MaxClients: sets the maximum simultaneous requests that Apache will handle. Anything over this number will be queued until a process is free to action the request.

MaxClients is not the same as the maximum number of visitors you can have. It is the maximum requests.

Remember the KeepAliveTimeout? This was set low so the next request can be actioned and the original (now 'idle') client will still be sat there reading your webpage - the new (active) request will be actioned or, if the MaxClients limit has been reached, will be queued ready for the next available process.

In most cases, the client is not 'active'. Take this page. You requested it (using an active process) and then spent a while reading it which uses no processes - you are 'idle' (as far as the server is concerned!).

MaxRequestsPerChild: sets how many requests a child process will handle before terminating. The default is zero, which means it will never die.

Why change this if the Max numbers are set as shown above? Well, it can help in managing your Slice memory usage.

If you change the default you give a child a finite number of actions before it will die. This will, in effect, reduce the number of processes in use when the server is not busy. Thus freeing memory.

Freeing it for what though? If other software needed memory then it would also need it when the server is under load. It is unlikely you will have anything that requires memory only when the server is quiet.


Quite a lot here but as you go through the different settings you will see that the theory is quite simple. Naturally, there is a lot more to it than this article (or set of articles) can go into.

In the second apache2.conf article we will look at other settings that will add some more efficiency and help in increasing the security of our Slice.


Article Comments:

dynamethod commented Sun Jun 08 14:28:31 UTC 2008:

you rock dude, your site has all the exact information im looking for

Steve commented Wed Jul 02 02:07:15 UTC 2008:


Great article! You can use MPM MaxRequestsPerChild to combat potential memory leaks in PHP/Java code. Thus, when X requests have been completed, it can free the resource and dump it's memory. This helps during times of load and immediately after (specifically on resource intensive sites) as it reduces the overall amount of Ram being eaten by Apache.

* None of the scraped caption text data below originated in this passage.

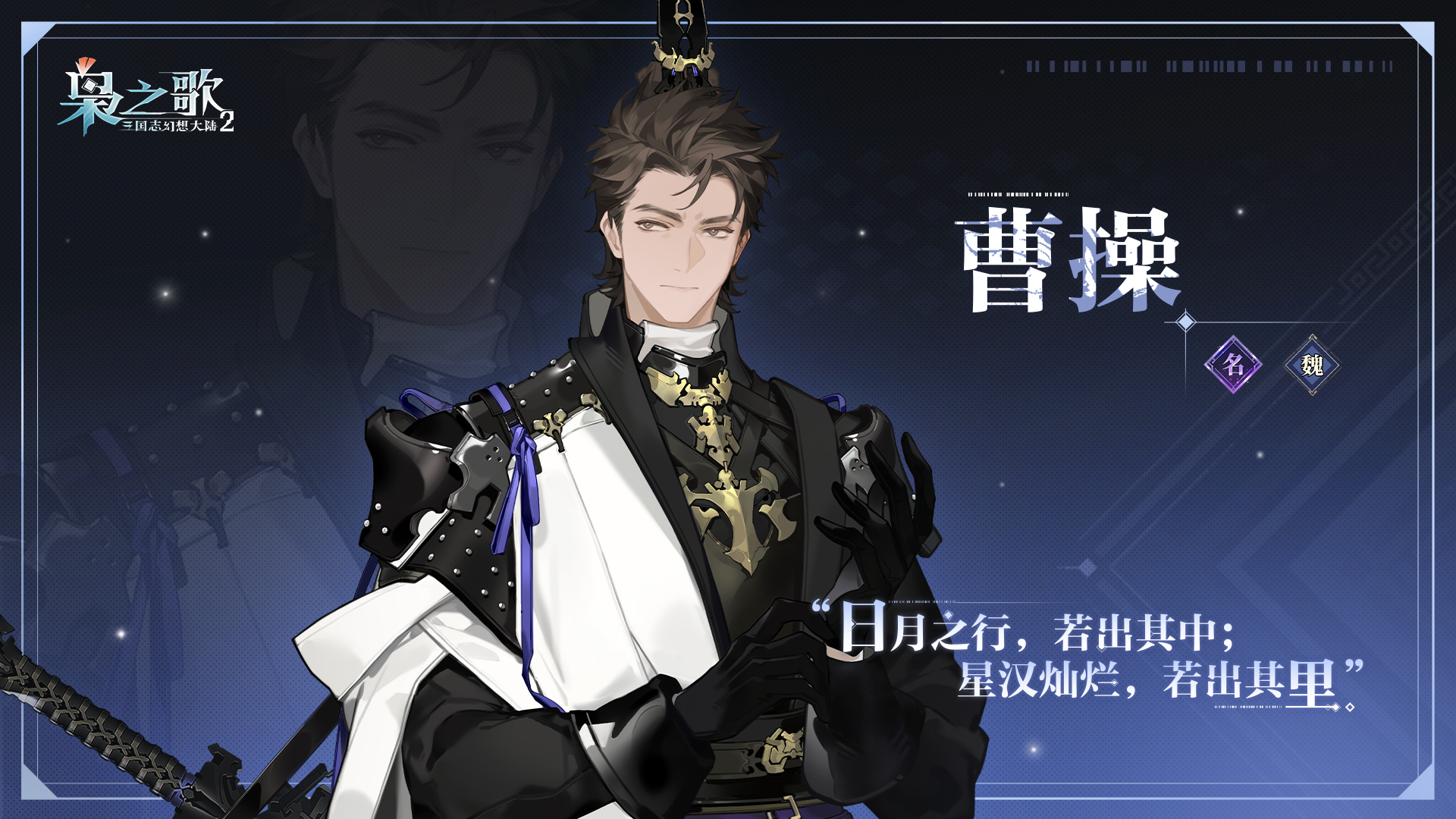 《三国志幻想大陆2：枭之歌》曹操角色介绍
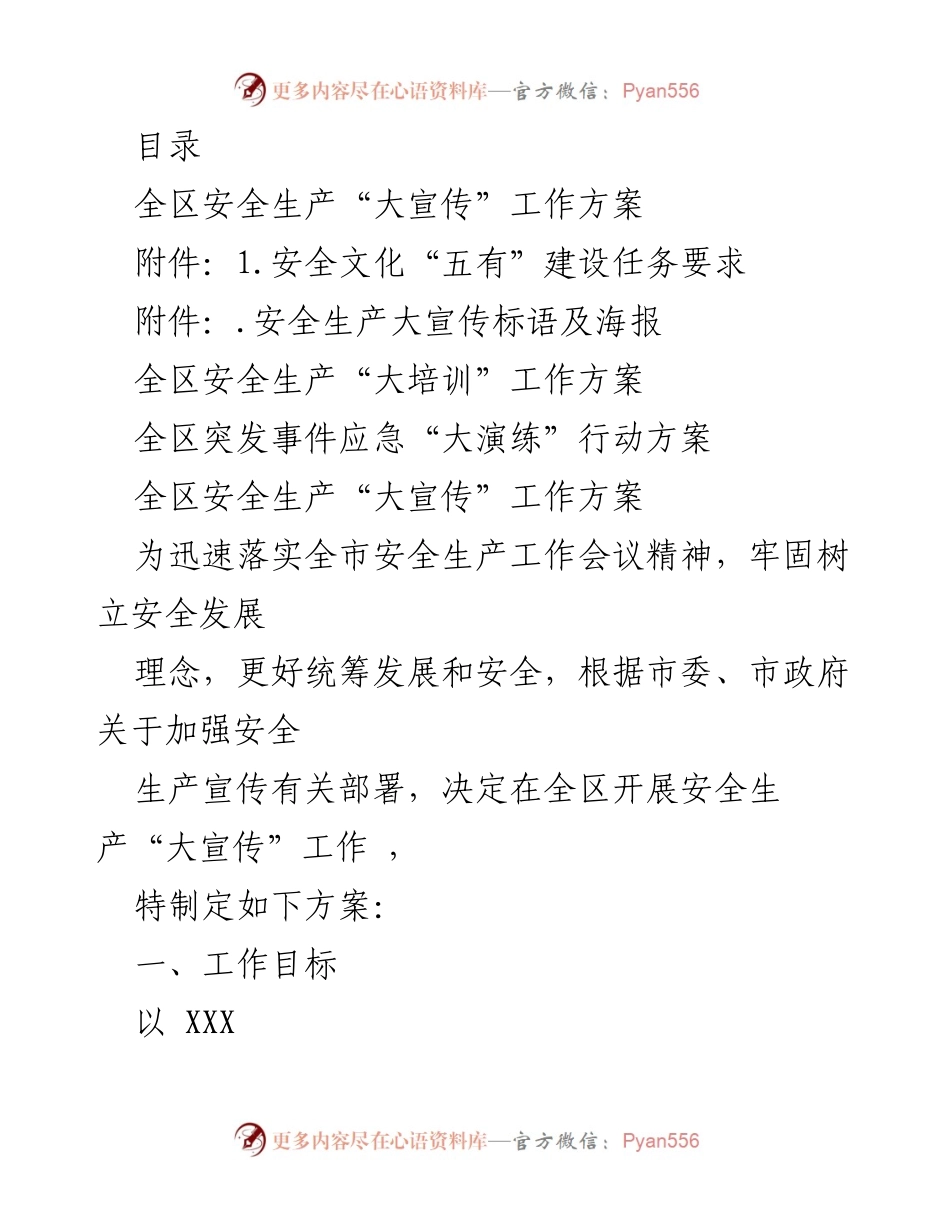 [工作方案] 全区安全生产“大宣传”工作方案.docx_第1页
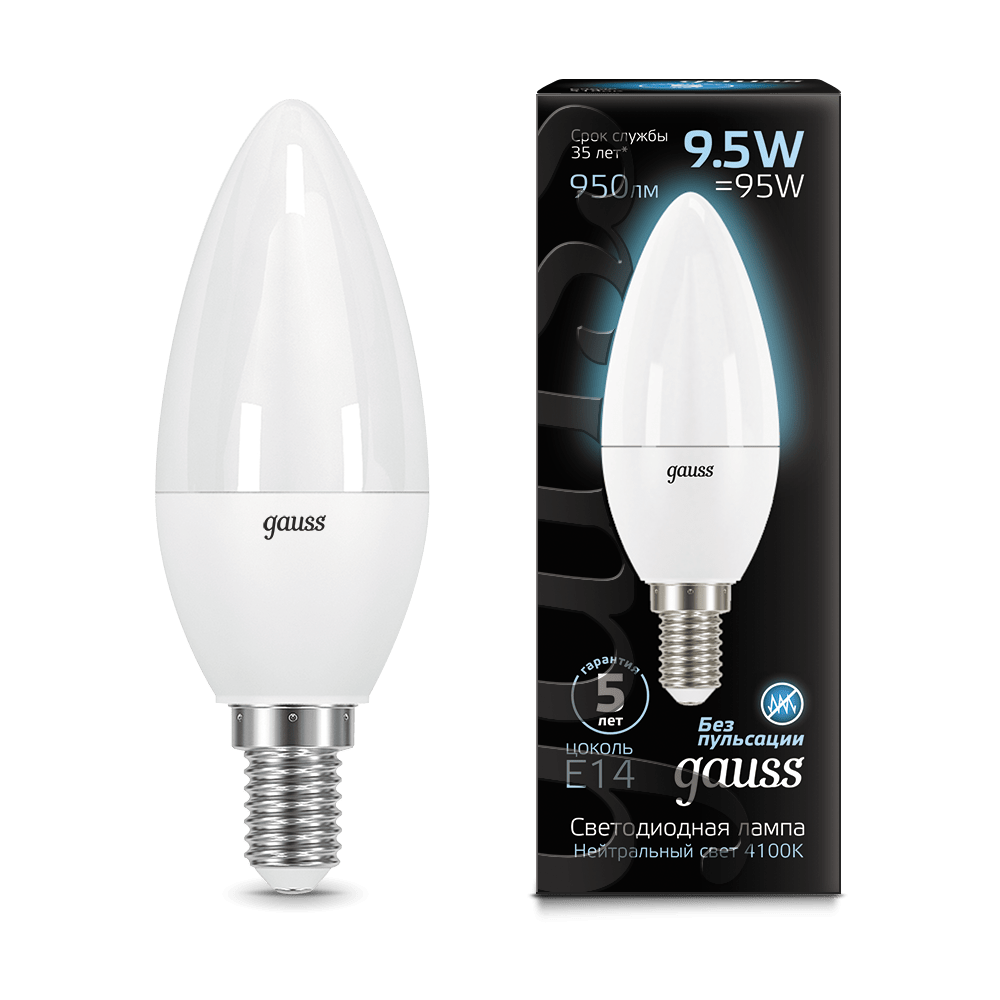 ЛАМПА "GAUSS" LED СВЕТОДИОД. СВЕЧА Е14 9,5W 4000К ХОЛ.СВЕТ арт.103101210103101210- купить в АПлайн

Not saying that you shouldn't keep on top of sloppy coding - but it helps to reduce the likelihood that sloppy coding will result in a 3am callout!

Richard commented Sat Aug 16 21:57:27 UTC 2008:

I don't think KeepAliveTimeout really tells the webserver to ignore other connections. It just sets a limit on how long an idle connection will be kept open.

I wonder why the default for Hardy is 15 seconds, but the Apache docs say the default is 5 seconds. Maybe dial-up clients benefit from the longer wait.

himadri commented Wed Sep 24 22:19:12 UTC 2008:

such a lucid of explaining things ... way to go

santosh commented Mon Sep 29 16:26:27 UTC 2008:

As easy as 1-2-3....you guys rock

julien commented Mon Nov 03 19:32:34 UTC 2008:

What is the purpose to change the port from 80 to 8080?

Thanks for this tut.

PickledOnion commented Tue Nov 04 12:41:48 UTC 2008:


I don't mention changing the port in this article.

I am not sure what you mean. If it is a general enquiry then this is not really the place for it - please create a forum post.


julien commented Tue Nov 04 12:56:50 UTC 2008:

Sorry, i misunderstood the part where you tell how to change the Listen configuration in ports.conf. I'm a complete n00b so un thought you suggested to actually change this from 80 to 8080.